I am trying to train a list of neural networks in parallel, using nn.ModuleList.
class Modules(nn.Module):
def __init__(self, n_models):
super().__init__()
self.modules = nn.ModuleList([nn.Sequential(nn.Linear(1, n), nn.Linear(n, 1)) for _ in range(n_models)])
def forward(self, x):
y = torch.cat([i_module(x) for i_module in self.modules], dim=-1)
return y
...
def train_epoch(model, criterion, optimizer, train_dl):
model.train()
criterion.train()
for data, target in train_dl:
optimizer.zero_grad(set_to_none=True)
prediction = model(data)
loss = criterion(input=prediction, target=target) # shape [n_modules x 1]
loss = loss.sum() # loss.mean()
loss.backward()
optimizer.step() # update weights
pass
...
During training, I would like to use the respective loss value to update the respective module only, and prevent loss[0] from affecting the update of module[1].
Rather than reducing the loss vector to a scalar via sum() or mean() and affecting the optimization of all modules, I would like to use the actual loss value (loss[i]) to update the respective module (self.modules[i]) and obtain independently trained models.
I have read that backward(), if non-scalar, requires the gradients, which i am unsure how to compute manually, without messing up the computation graph.

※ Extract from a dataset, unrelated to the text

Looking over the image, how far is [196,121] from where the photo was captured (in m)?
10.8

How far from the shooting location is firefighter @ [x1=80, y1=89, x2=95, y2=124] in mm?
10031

Also, iterating the loss vector is probably not effective, since the full graph will be overwritten with each iteration.
for i in range(loss.shape[0]):
loss[i].backward(retain_graph=True)
optimizer.step()
The question is probably related to whether PyTorchs gradient
$\frac{\delta loss.sum()}{\delta prediction[0]} == \frac{\delta loss[0]}{\delta prediction[0]}$